BITE-SIZE THEOLOGY (175): Should we obey human laws?

Rev José Mario O Mandía
jmom.honlam.org

Divine positive law and natural law offer us guideposts that lead us to our eternal destination.

We need, however, more specific guidelines that facilitate the fulfillment of the moral law. These guidelines can vary from one place to another and are drawn up by legitimate human authority. These are what we call human laws.

There are two main kinds of human law: church law and civil law.

(1) Church law (ecclesiastical law or canon law): “Ecclesiastical law is an ordinance issued by legitimate authority in the Catholic Church. The legislators for the entire Church are the Pope through the Roman Curia or an ecumenical council together with the Pope. Bishops may also legislate for their respective dioceses” (Fr John Hardon, The Question and Answer Catholic Catechism, 532).

(2) Civil laws: “Civil laws are those passed by the government in a political society. Civil laws that are just are morally binding in conscience as the Church’s tradition since biblical times testifies. As St Peter told the early Christians, ‘Be subject for the Lord’s sake to every human institution, whether it be to the emperor as supreme, or to governors as sent by him to punish those who do wrong and to praise those who do right. For it is God’s will that by doing right you should put to silence the ignorance of foolish men’ (1 Peter 2:13-15)” (Fr John Hardon, The Question and Answer Catholic Catechism, 533). 

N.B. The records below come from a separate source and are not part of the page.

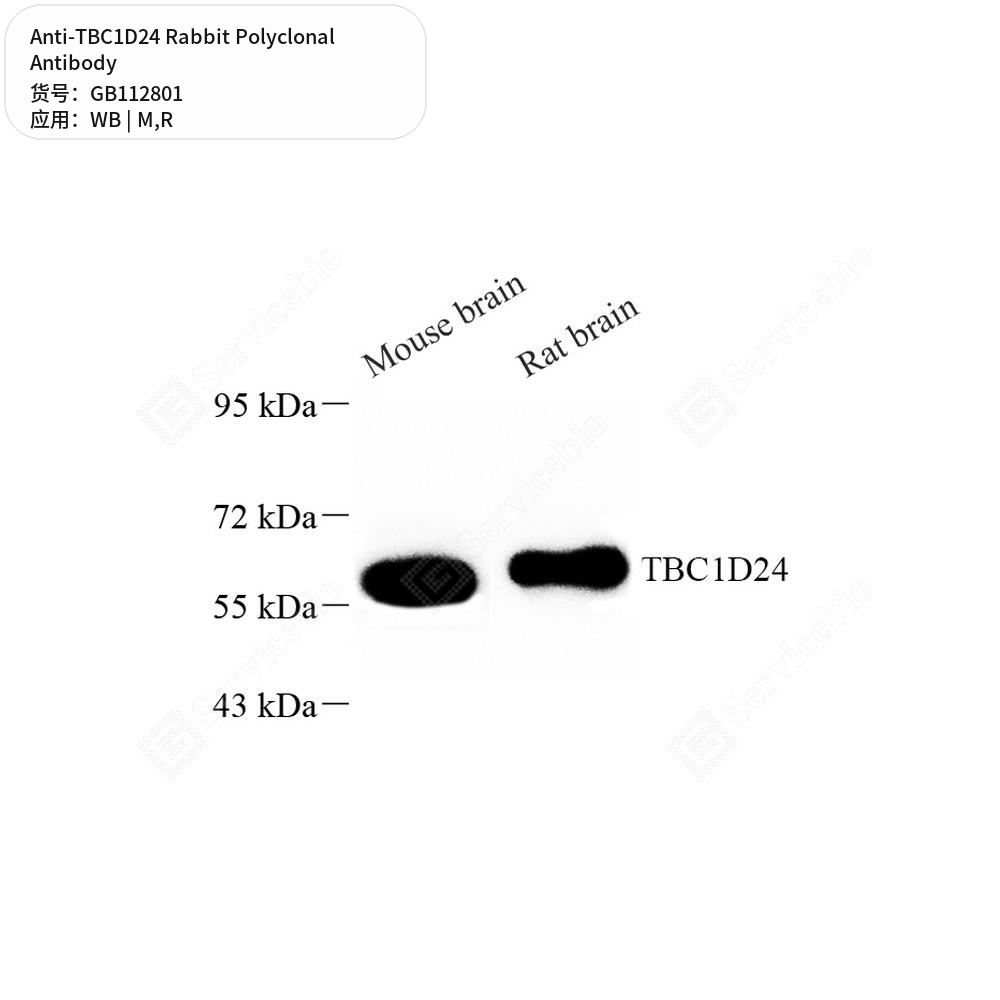 Антитела первичные, поликлональные кролика к TBC1D24 крысы, мыши, 100 мкл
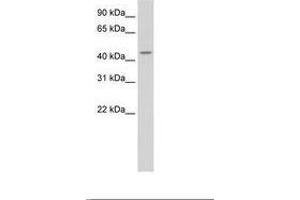 Image no. 2 for anti-tRNA Nucleotidyl Transferase, CCA-Adding, 1 (Trnt1) (AA 75-124) antibody (ABIN203116) (Trnt1 Antikörper  (AA 75-124))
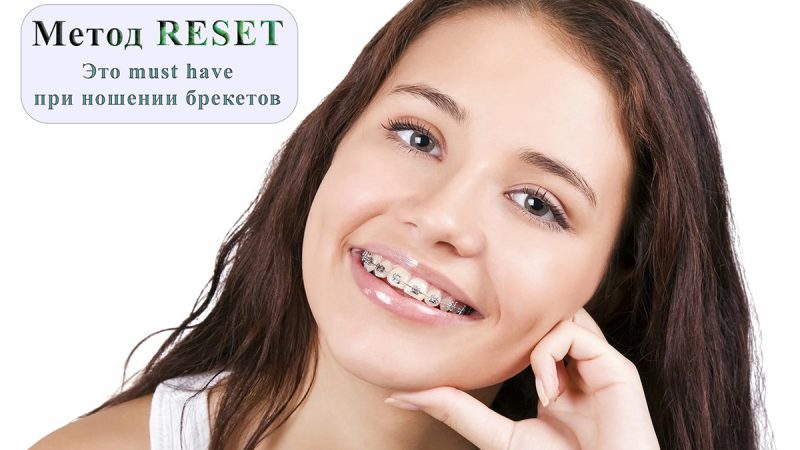 Брекеты ставят ребёнку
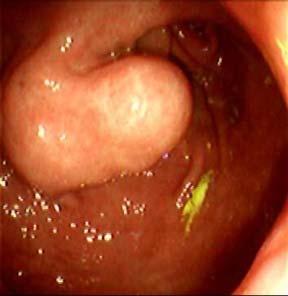 bulging of the GI wall with intact, normal, overlying mucosa.
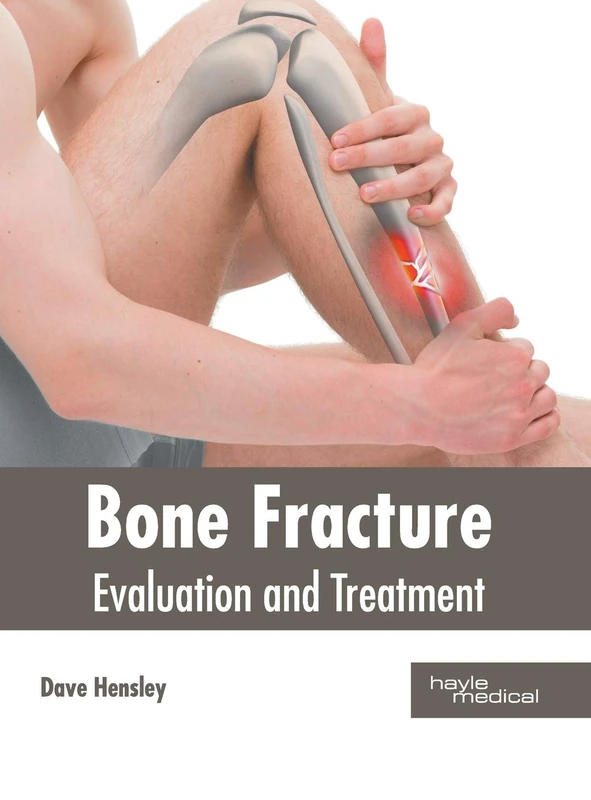 Hayle Medical - Bone Fracture: Evaluation and Treatment Book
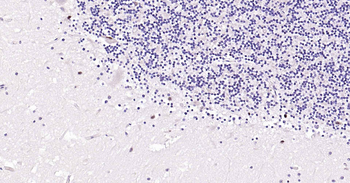 SOX1 Recombinant Rabbit Monoclonal Antibody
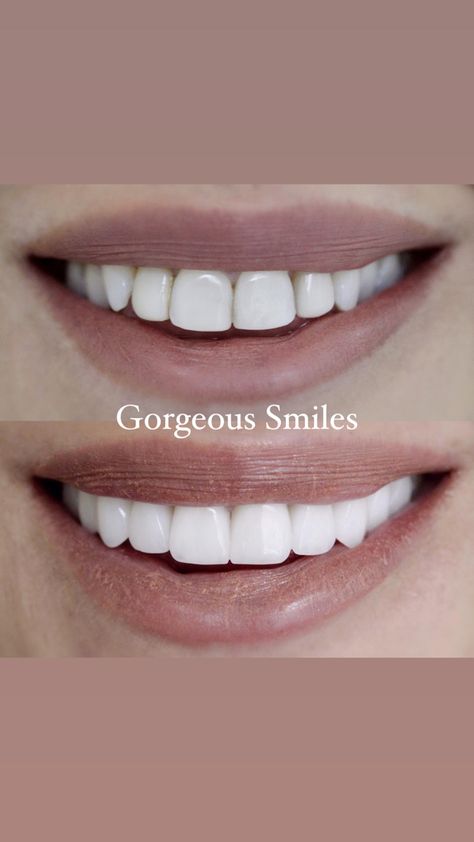 Teeth Veneers Perfect Smile Teeth Women, Veneers Teeth Styles, Perfect Smile Teeth, Baby Tooth Decay, Pretty Teeth, Veneers Teeth, Crystal Makeup, Porcelain Veneers, Beautiful Teeth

ARE WE OBLIGED TO OBEY HUMAN LAWS?

“Human law is binding insofar as it agrees with the eternal law of God. Thus all unjust laws passed by the State, like abortion or the prohibition to teach Christianity, are not binding” (Fr John Hardon, The Question and Answer Catholic Catechism, 531). 

St Thomas teaches (cf S Th I-II q96 a4) that for a law to be just, it must fulfill the following conditions:

(1) It must be made for the sake of the common good. A law that opposes natural or divine positive law can never achieve the common good.

(2) If it concerns distributive justice, it must distribute burdens in an equitable way – “burdens are laid on the subjects according to an equality of proportion” (S Th I-II q96 a4).

(3) It should not exceed the authority of the legislator — otherwise it would not be a law.

If any of these is lacking, St Thomas says in the same article that these laws “are acts of violence rather than laws; because, as Augustine says (De Lib. Arb. i, 5), ‘a law that is not just, seems to be no law at all.’ Wherefore such laws do not bind in conscience, except perhaps in order to avoid scandal or disturbance, for which cause a man should even yield his right, according to Matthew 5:40-41: ‘If a man . . . take away thy coat, let go thy cloak also unto him; and whosoever will force thee one mile, go with him other two’” (S Th I-II q96 a4).

WHEN DOES A HUMAN LAW CEASE TO BE BINDING?

Human law ceases to be binding in the following cases: (1) ignorance, (2) impossibility, (3) by dispensation, (4) by privilege, (5) by suspension of the law itself.

Impossibility can either be (2.1) absolute or physical impossibility or (2.2) moral impossibility.

When a person is sick (physical impossibility) or is taking care of a sick person (moral impossibility) is not able to attend Sunday Mass, he or she is excused from the obligation. If the obstacle can be avoided or foreseen, however, one may not be excused from the obligation of the law. For example, one may not plan to go for a holiday to a place where he or she knows Mass is not available.

Dispensation is “the suspension of the law or of its obligation in a particular case, granted by the competent authority for a special and proportionate reason. Canon law forbids marriage of two first cousins but, in special cases, if there is a sufficient reason, a dispensation may be granted” (Charles Belmonte, Faith Seeking Understanding, vol 2).

A privilege “may also suspend the obligation of the law. Privilege is a favorable private law that overrules or extends the common law. Since it has the character of a law, it must be permanent and stable, useful for the community, and established by the authority who is in charge of the community” (Charles Belmonte, Faith Seeking Understanding, vol 2).

The law itself may cease (5.1) when it is abrogated by the same authority who established it; (5.2) when the purpose for which it was promulgated disappears or the law becomes harmful to the people; (5.3) when a legitimate custom (a) contrary to the law, (b) observed through the years, and (c) approved by the competent authority replaces that law.